Coordinated strikes against nearly 200 homes and offices in 42 cities target Kremlin opponents
MOSCOW—Russian authorities raided the homes and offices of political opposition activists across the country Thursday, detaining some for interrogation, seizing electronics and blocking personal accounts in one of the biggest ever coordinated strikes against the Kremlin’s political opponents.
Nearly 200 homes and regional offices in 42 cities affiliated with opposition politician Alexei Navalny ’s Anti-Corruption Fund were searched, according to members of the organization and independent lawyers. The searches stemmed from an investigation by Russian authorities into alleged money laundering by the organization, those people said. Mr. Navalny’s group denies the charges, which some critics of Russian President Vladimir Putin call politically motivated.
Mr. Navalny has used the fund as a platform to expose the corruption of individual Russian government officials. The organization has crystallized into the closest thing Russia has to a coherent political opposition force across the country.
Following months of protests in Moscow against Mr. Putin’s tightly controlled political system, Mr. Navalny led calls earlier this month to topple politicians associated with the pro-Kremlin United Russia party in Sept. 8 local elections across the country. By and large, the strategy worked in Moscow, where Mr. Navalny tried to turn the vote into a referendum on Mr. Putin, cutting the number of United Russia’s seats in the 45-seat city council from 38 to 25.
Though the city council is relatively toothless, members of the Anti-Corruption Fund say it shows the vulnerability Mr. Putin and his political cronies face at the ballot box.
“The more powerful our actions, the stronger the reaction,” Mr. Navalny’s spokeswoman Kira Yarmysh wrote on Twitter Thursday. “We’ve never had such a massive strike against the Anti-Corruption Fund and our organization and regional headquarters…We won’t stop.”

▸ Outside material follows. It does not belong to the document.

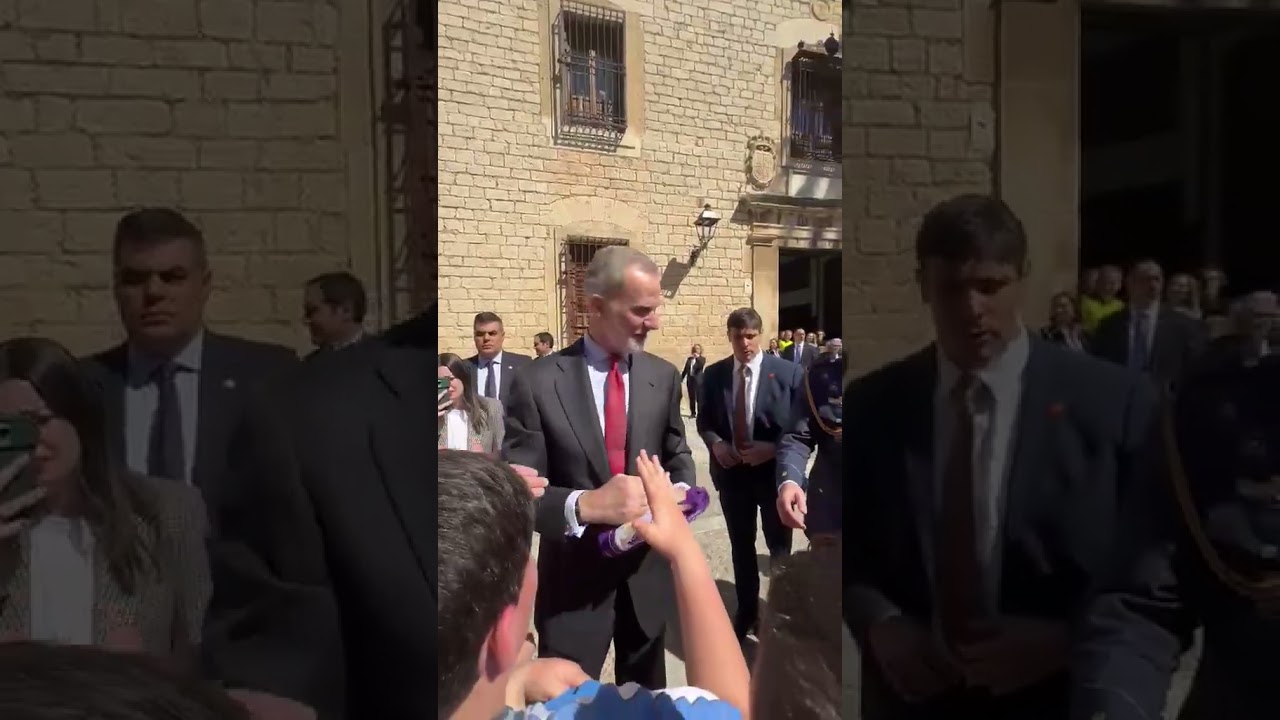 Felipe VI sostiene una bufanda del Real Jaén, regalada durante su visita a Jaén. / Adriana Correa.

Critics said the raids against Mr. Navalny’s followers and other opposition groups appear to also be a strike against those seen as instrumental in organizing the protest movement that erupted in July, slowly turning into the biggest public show of dissent against Mr. Putin for the past several years.
Mr. Navalny, who was regularly detained ahead of planned rallies, was in the group’s Moscow office on Thursday, trying to reach out to regional offices to determine the size of the raids, “though the telephones of many of our colleagues have been seized,” Ms. Yarmysh said.
Opposition activists said Russia’s Investigative Committee was responsible for the raids. The agency didn’t answer phone calls seeking comment.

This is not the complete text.